Plac zabaw na Grzance – nowe drzewka i zniszczona zjeżdżalnia
GrzankaNieznani (dotychczas) sprawcy zniszczyli zjeżdżalnię na placu zabaw przy ulicy Leśnej na Grzance. W namierzeniu wandali mają pomoc nagrania z kamery monitorującej plac. Mamy nadzieję, że sprawcy lub ich opiekunowie poniosą koszty naprawy zjeżdżalni.
Tymczasem plac pięknieje. W ubiegłym tygodniu zostało tam posadzone 39 sadzonek tui. Gdy urosną, utworzą ładny szpaler oddzielający plac zabaw od części parkingowej.

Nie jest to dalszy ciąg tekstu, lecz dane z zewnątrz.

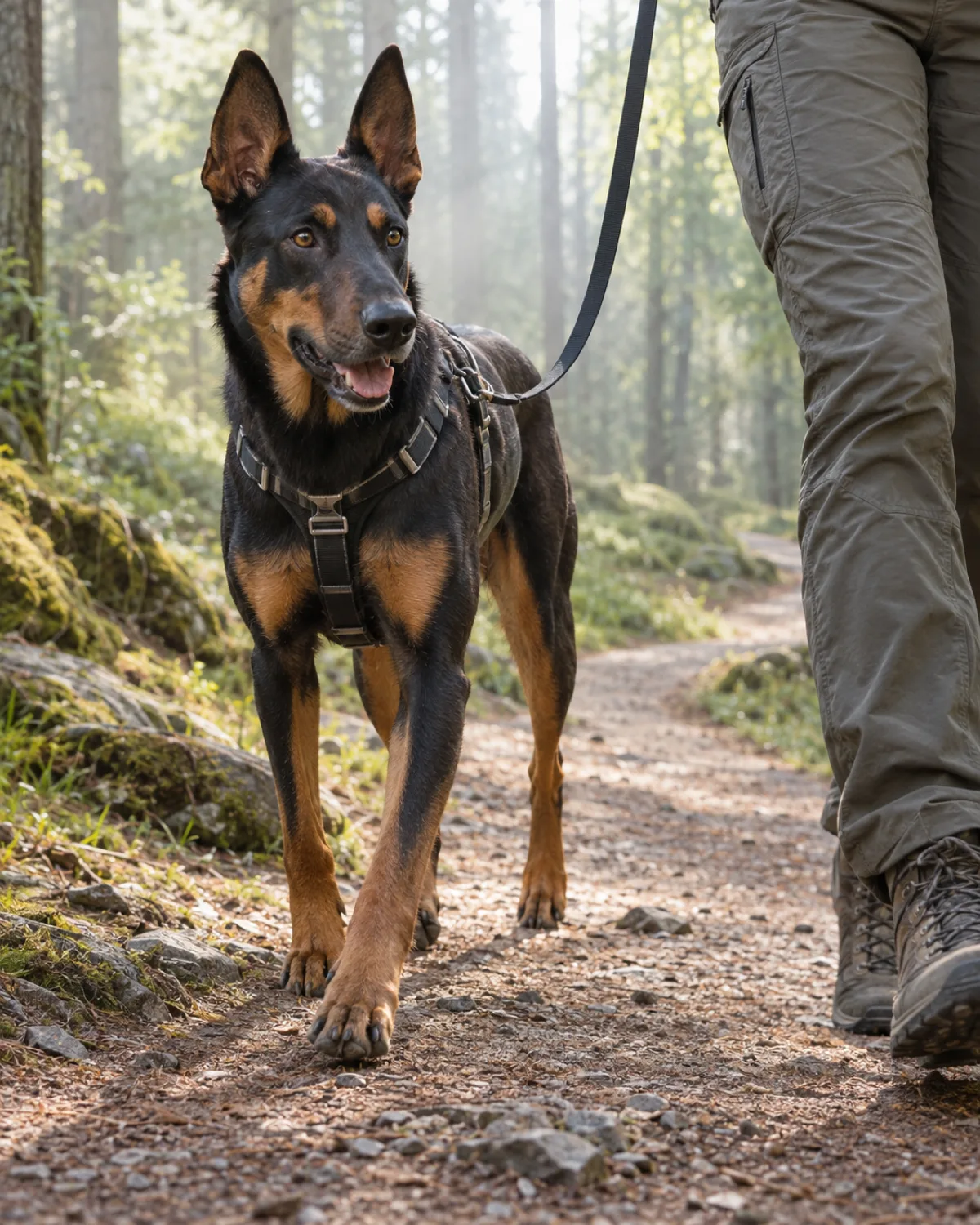 a large lean muscular dog with a sleek black-and-tan short coat sharp rust points upright ears and a long muzzle walking on-leash beside a person lower body only visible along a forest trail the trail curves ahead through tall pines in morning mist and filtered green light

Nowe drzewka to efekt większego przedsięwzięcia:
miasto Maków Mazowiecki realizuje projekt „Maków Mazowiecki w barwach zieleni” w ramach którego na terenie miasta posadzono 340 nowych sadzonek zakupionych w ramach dofinansowania z Wojewódzkiego Funduszu Ochrony Środowiska.
Niestety, część drzewek, szczególnie w Parku Sapera, wkrótce po posadzeniu padła ofiarą wandali, którzy wyrwali sadzonki.
Władze miasta apelują, by zauważone akty wandalizmu zgłaszać bezzwłocznie na policję. Popieramy ten apel!
Na zdjęciach: nowe drzewka i zniszczona zjeżdżalnia na placu zabaw na Grzance.
Super. Co z resztą placów zabaw w Makowie Mazowieckim? Czy tam również nastąpi jakieś „upiększenie” ?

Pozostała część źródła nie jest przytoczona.